One conventional technique to debug a computer system (both hardware and software) is to connect a logic analyzer to a processor's address bus, data bus and certain control function signals. In this way, a development engineer can monitor the state of these parameters in real-time. A fundamental restriction of this technique, particularly in single-chip, very large scale integrated (VLSI) processors, is that only those signals available at the processor's external pins may be interrogated.
As processor design and software complexity has increased, the efficiency and capability of debugging such systems based solely on the information provided at a processor's external pins has decreased. To debug today's complex computer systems a development engineer needs to monitor a large number of variables (e.g., data, address, status, and control register contents), many of which are available only internal to the processor. Accessing these variables often requires that a number of debugging techniques be used.
In the breakpoint technique, the processor is run (i.e., a program is executed) at normal operating speeds up to a breakpoint instruction. At the breakpoint, program execution halts, processor states are preserved, and the development engineer then reviews many of the crucial parameters needed to debug the system. This technique, however, is fundamentally a static approach to debugging. Some problems that occur in complex modern processors, such as signal processors, often do not lend themselves to this stop- and-go style of analysis. First, the breakpoint technique is very slow. Second, it disrupts continuous, realtime system evaluation. For instance, breakpoint techniques often can not be used effectively to debug a signal processor designed to evaluate/process an analog signal because stopping the processor at a breakpoint disrupts the acquisition and processing of the signal itself. The processor can not, therefore, be evaluated as it performs its designed task.
A second technique, known as the code-substitution technique, a development engineer identifies program code associated with a variable, or variables, of interest. For instance, a program instruction that may modify the state of a processor's internal status register. A software routine is then written and substituted for the identified program instruction. The processor/program is then run at normal operating speeds. When the program gets to the point where the identified instruction would be executed, the substitute routine is executed instead. The substitute routine typically causes the processor to output the status of the identified variable(s) and other possibly relevant processor state information to a buffer memory. Afterwards program execution continues in normal fashion.
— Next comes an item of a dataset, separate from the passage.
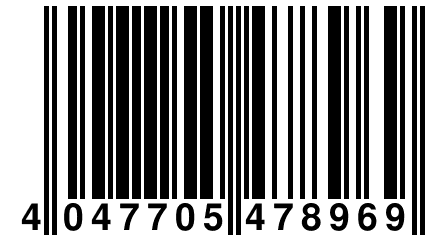 4 047705 478969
Drawbacks to this technique include: (1) it adds extra cycles to the processor's operation which may disrupt the real-time evaluation of the computer system; (2) it is limited to the capture of variable information that is explicitly manipulated by the target program; mid (3) it has the problem of getting the captured data out of the buffer memory and to a debug system for evaluation by the development engineer.
A third debug technique is embodied in the IEEE Test Port and Boundary-Scan Architecture (IEEE standard no. 1149.1). This architecture specifies the use of special purpose hardware inside a processor which captures the processor's program counter at program execution discontinuities. This information is then output to an off-processor device through a serial port. Drawbacks to this technique include its limited capacity of information capture and its slow speed. Because the test port operates in serial fashion it is often not fast enough to keep up with real-time systems. This is especially true for real-time signal processors.
Another conventional debug technique is the use of in-circuit emulator (ICE) devices. While ICE devices typically provide access to more outputs than a processor's external pins, they are still quite limited. Further, because it is very difficult to design and build an emulator that is capable of executing at the same speed as the target system, this technique is often not capable of performing real-time debugging.
The aforementioned difficulty of monitoring, testing, and controlling (i.e., debugging) the operation of a computer system has increased significantly with the advent of modem single-chip pipelined computer processors. Modem processor designs are very complex, often utilizing a number of different internal data and address buses and registers that, because of pin count restrictions and operational speeds, are not available for off-chip monitoring. An apparatus and means for the real-time debugging of a complex processor (and software) that overcomes the aforementioned limitations is the subject of the instant invention.